Artificial blood vessels created on a 3D printer
Artificial blood vessels made on a 3D printer may soon be used for transplants of lab-created organs.
Until now, the stumbling block in tissue engineering has been supplying artificial tissue with nutrients that have to arrive via capillary vessels.
A team at the Fraunhofer Institute in Germany has solved that problem using 3D printing and a technique called multiphoton polymerisation.
The findings will be shown at the Biotechnica Fair in Germany in October.
Out of thousands of patients in desperate need of an organ transplant there are inevitably some who do not get it in time.
In Germany, for instance, more than 11,000 people have been put on an organ transplant waiting list in 2011 alone.
To make sure more patients receive these life-saving surgeries, researchers in tissue engineering all over the globe have been working on creating artificial tissue and even entire organs in the lab.
But for a lab-made organ to function, it needs to be equipped with artificial blood vessels - tiny and extremely complex tubes that our organs naturally possess, used to carry nutrients.
Numerous attempts have been made to create synthetic capillaries, and the latest one by the German team seems to be especially promising.

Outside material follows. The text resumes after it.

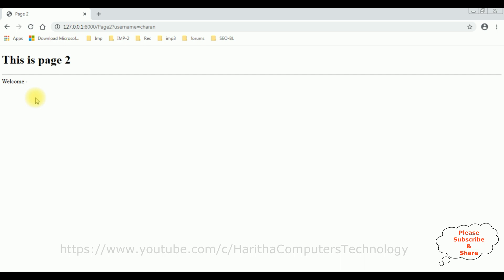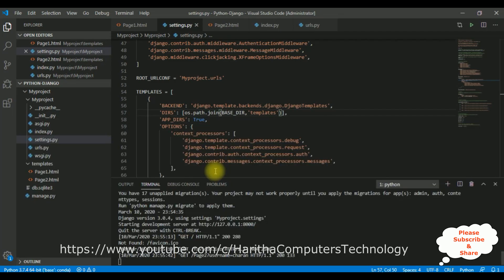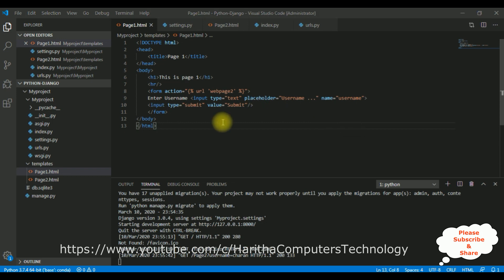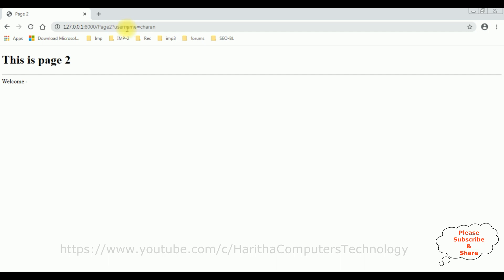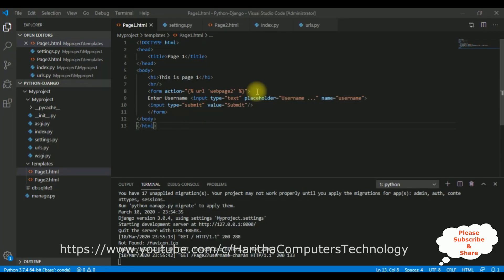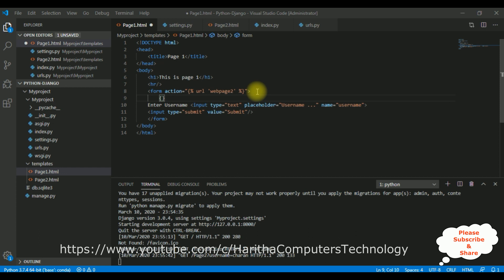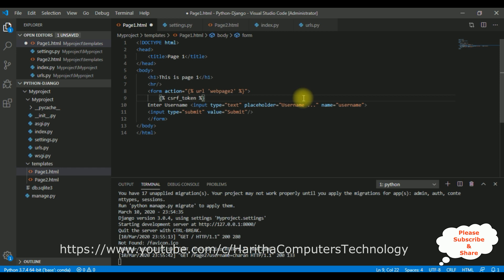Now let's finish the rest of the code. Open page1.html. Notice in page2 the URL is simply displaying username equals 'Charan'. I want to send the data with a security token. For that, inside the form tag I'm adding between curly braces and percentage signs the token called 'csrf_token'. Once you add this token, our data will be protected from hackers. Make sure to add this csrf_token when you want to transfer data.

"The individual techniques are already functioning and they are presently working in the test phase; the prototype for the combined system is being built," said Dr Gunter Tovar, who heads the BioRap project at Fraunhofer Institute for Interfacial Engineering and Biotechnology IGB in Stuttgart.
3D printing technology has been increasingly used in numerous industries, ranging from creating clothes, architectural models and even chocolate treats.
But this time, Dr Tovar's team had a much more challenging printing mission.
To print something as small and complex as a blood vessel, the scientists combined the 3D printing technology with two-photon polymerisation - shining intense laser beams onto the material to stimulate the molecules in a very small focus point.
The material then becomes an elastic solid, allowing the researchers to create highly precise and elastic structures that would be able to interact with a human body's natural tissue.
So that the synthetic tubes do not get rejected by the living organism, their walls are coated with modified biomolecules.
Such biomolecules are also present in the composition of the "inks" used for the blood vessel printer, combined with synthetic polymers.
"We are establishing a basis for applying rapid prototyping to elastic and organic biomaterials," said Dr Tovar.
"The vascular systems illustrate very dramatically what opportunities this technology has to offer, but that's definitely not the only thing possible."